I should point out that this is not really a test of the thesis, which, again, was intended to apply to specific, e.g. quantifiable, types of case. In fact it presumes the thesis, or at least the intuition that underlies it. That is, I see my favored brand of post-Kantian pragmatism as attractive precisely because it splits the difference between unacceptable extremes. Using the quantifiable image of space, then, we put the point this way: in this picture (which I'm not giving here), the world is independent enough of our minds to escape idealism and relativism, without being so independent as to make a mystery of our cognitive access to it (i.e., in the realist manner). That does sound admirably sane and moderate, as well it should (after all, it's correct).
However, this is hardly decisive. In a way, the "moderation" of this view is an artifact of the conception it rejects, and disappears once the alternative comes into view in its own right. In other words, the situation can be seen just as well as a choice not among three views (two extremes and a center), but between two (the traditional and the pragmatist). In this sense, the two "extremes" are much closer to each other than either is to the "center." In fact, again, they're the essentially the same position, only with opposed orientations. Rather than moving toward the "center," then, in this sense we simply exchange a defective picture (one which, as Wittgenstein puts it, had been "holding us captive") for another. The defect is just what made it seem that there was a forced choice between two opposed positions, instead of a single dualistic picture we should reject for that very reason.
But now we seem to lose the "advantage" of the putative "moderation." What we had been seeing as extremes now join forces to gang up on us, defending their shared conception against the "counterintuitive" newcomer. Yet at the same time, each also sees the pragmatist as in league with his opponent (that is, as trading a winning position for a losing one). Just as in (some of) the political case(s), one person's virtuous moderation is another's concession to vice. By itself, it seems, the structure of the dispute can't determine which side is right.
Let's look again at (a simplified version of) our example, realism vs. antirealism (it works the same way, mutatis mutandis, for skepticism vs. dogmatism). The realist sees the world as independent of the mind, as "objective"; the idealist disagrees. Which is right? Above, we saw the "moderate" answer ("independent enough, without being ideally (i.e., "absolutely") independent"). But realists and idealists don't see this as sane moderation, but instead as wishy-washy dissembling. To dispel this impression, the pragmatist must switch from the three-position image -- the only one which can even appear "moderate" -- to the two-position image. The realist and idealist seemed opposed, and it looked like we had to choose between them where they differ. The "moderate" view was a way of seeing them as both (almost) right (that's the "carrot"). But (here's the "stick") we can just as well see them as both wrong, where they agree. Both are committed, that is, to the same dualistic picture of objectivity. Here of course is where the idealist will object (the realist will cop to it and stick to his guns, accusing the pragmatist of idealism for rejecting it). After all (he'll say), it is just because the realist picture is indeed dualistic that we must be idealists; that's the point of idealism. Where's the dualism, if the world does not transcend our ideas?

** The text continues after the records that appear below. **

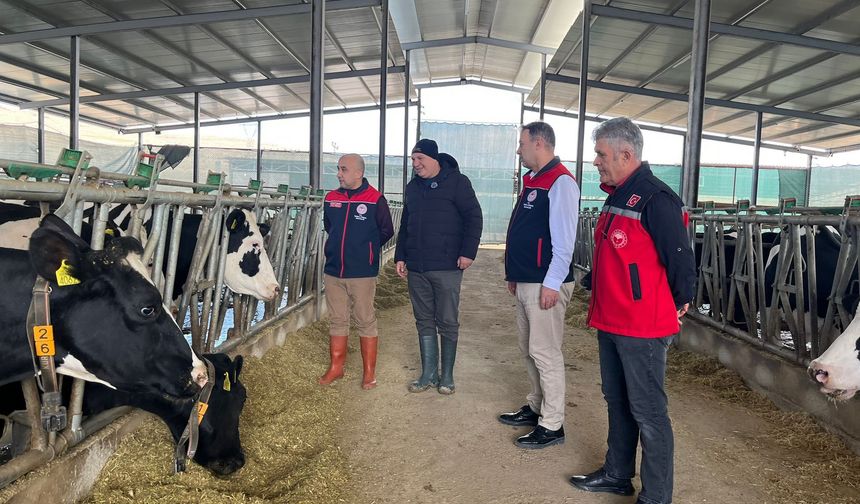 Kırsal Kalkınma Desteğiyle Üretimini Katladı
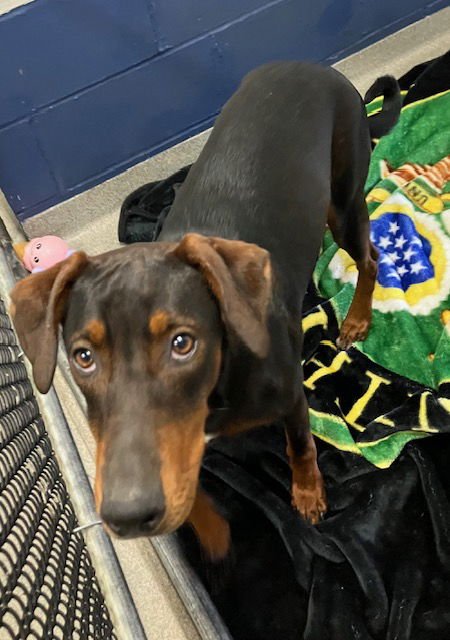 LAURIE 5 MONTHS - Doberman Pinscher available for adoption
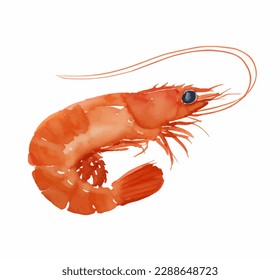 shrimp with style hand drawn digital painting illustration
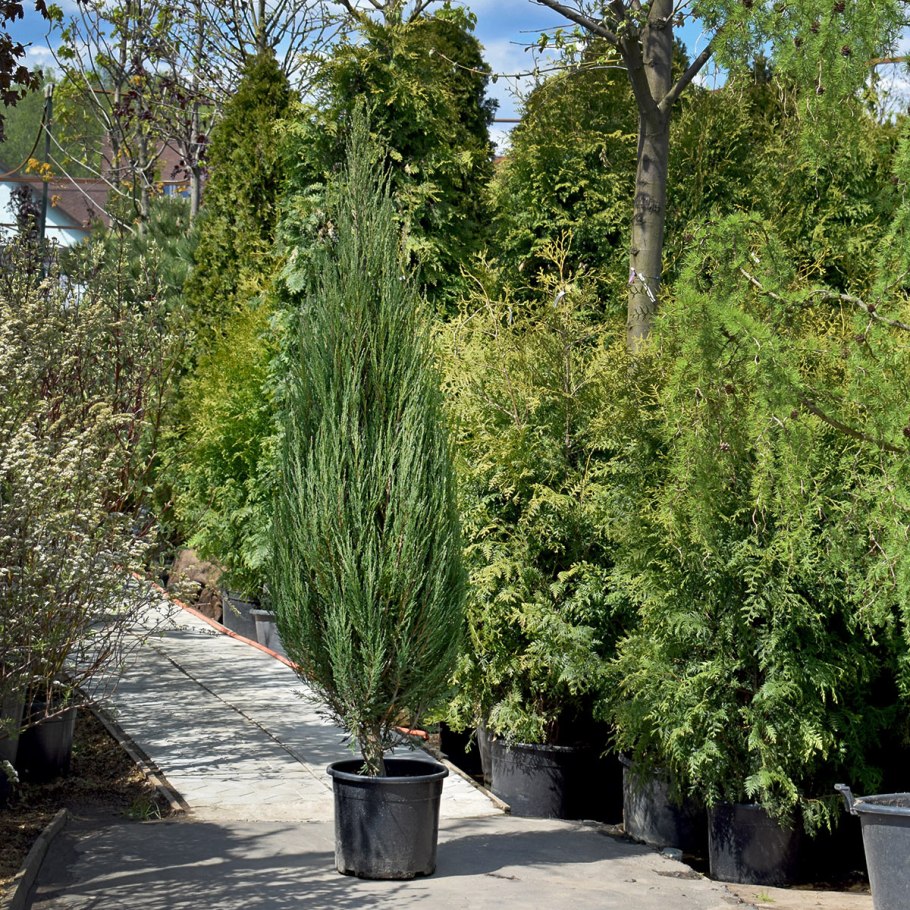 Можжевельник скальный Блю Эрроу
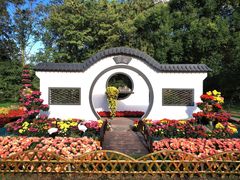 -上海共青森林公园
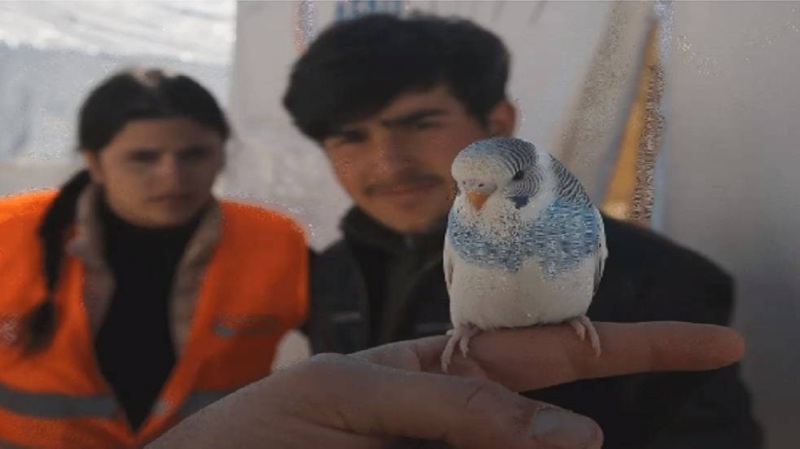 قصة نجاة أسرة تركية من الزلزال المدمر بسبب ما فعله ببغاء قبل لحظات من وقوعه (صور)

The answer is this. The realist puts everything into two boxes: the objective (the world), and the subjective (ideas). Seeing that such a division is senseless, the idealist puts everything into the second box. But we still have a two-box picture, even if one of the boxes is empty. The conceptual dualism -- to my mind the important one -- is still in place. To overcome it we must reconfigure the notion of objectivity. When we do so we will still find it informative to distinguish, in particular cases and senses, between ideas in the mind and the world which (in an equally reconfigured sense) they represent. (Here's where Rorty, for example, is being obtuse, when, without qualification or explanation, he says simply "I have no use for the idea of objective truth." That's just what makes pragmatism look like the rankest idealism. Of course that's not really an excuse for the uncharitable interpretations of some critics; but it's careless all the same.) We simply give up the traditional (i.e., seen as obligatory, even constitutive of philosophy itself, on the traditional picture) metaphysical/ontological project of dividing things up into one or the other. In this sense the realist and idealist are both unsatisfied with pragmatism (that is: to remain unsatisfied just is to be realist or idealist): there is no "objective world" (realist rolls his eyes) -- but that doesn't mean everything is "within the mind" (idealist frowns).
Once again I have failed to give the content of the "reconfiguration," apparently leaving open (or begging) the question of who is correct. But consider this: what if describing the necessity or process of reconfiguration often and imaginatively and persuasively enough makes it unnecessary actually to fill in its content (that is, we get the point -- give up the defective picture and learn to see properly -- anyway)? Or what if the former just is the latter? Or (hold onto your hats) what if these two possibilities are the same one??